_Directions_: Give all of the data below again exactly, and drop the images.

===== Data provided =====

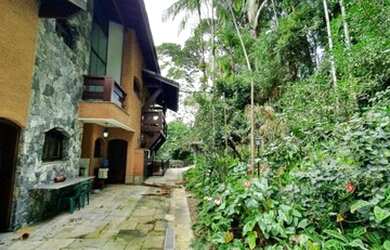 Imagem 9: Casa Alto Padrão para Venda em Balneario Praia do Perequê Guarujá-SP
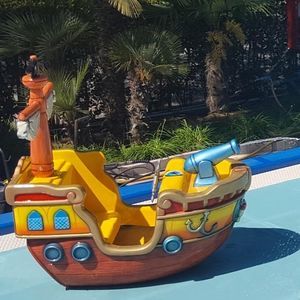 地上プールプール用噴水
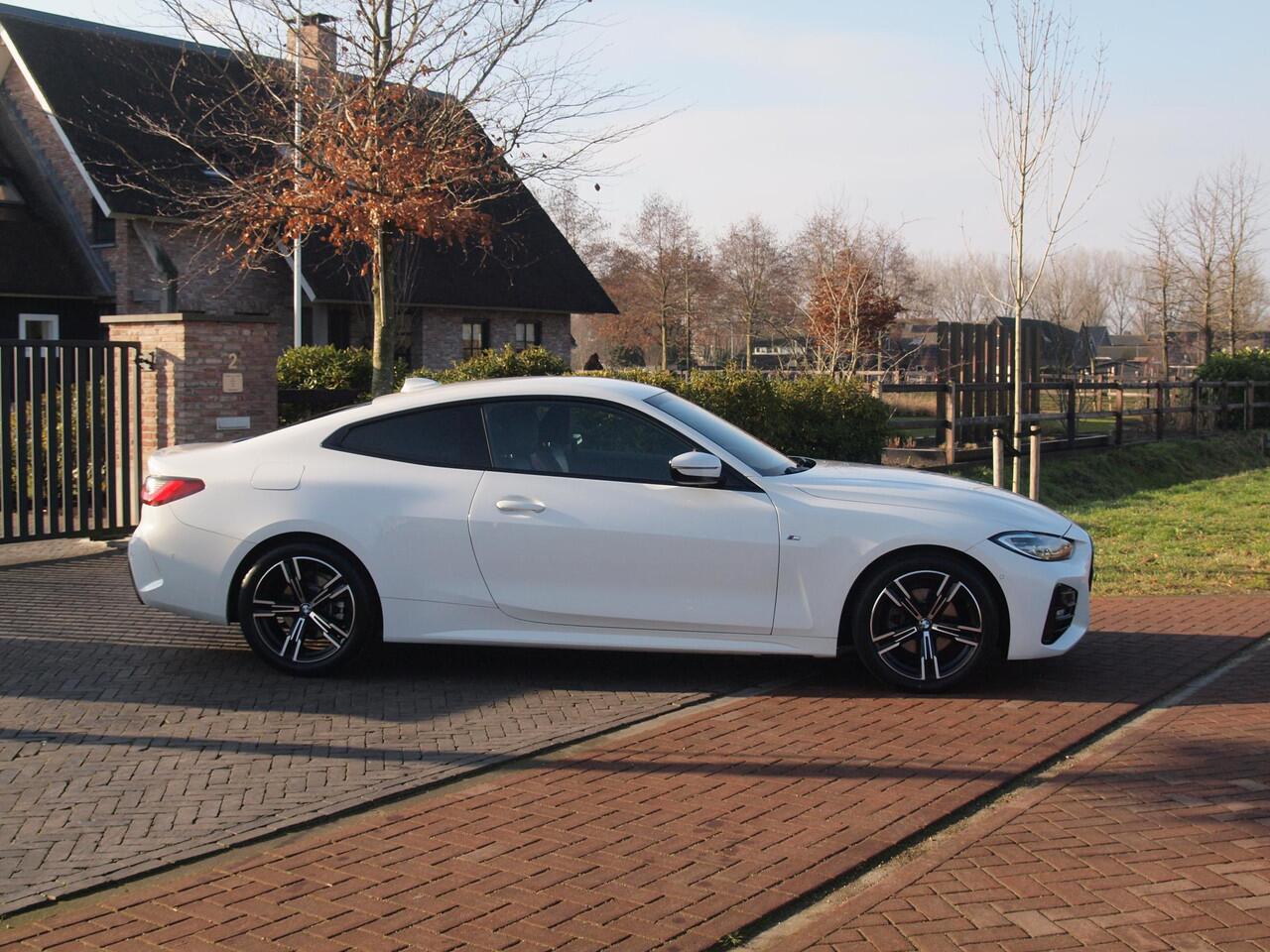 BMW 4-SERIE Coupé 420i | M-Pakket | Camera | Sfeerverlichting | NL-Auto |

=====

_Answer to this problem_:
 Imagem 9: Casa Alto Padrão para Venda em Balneario Praia do Perequê Guarujá-SP
 地上プールプール用噴水
 BMW 4-SERIE Coupé 420i | M-Pakket | Camera | Sfeerverlichting | NL-Auto |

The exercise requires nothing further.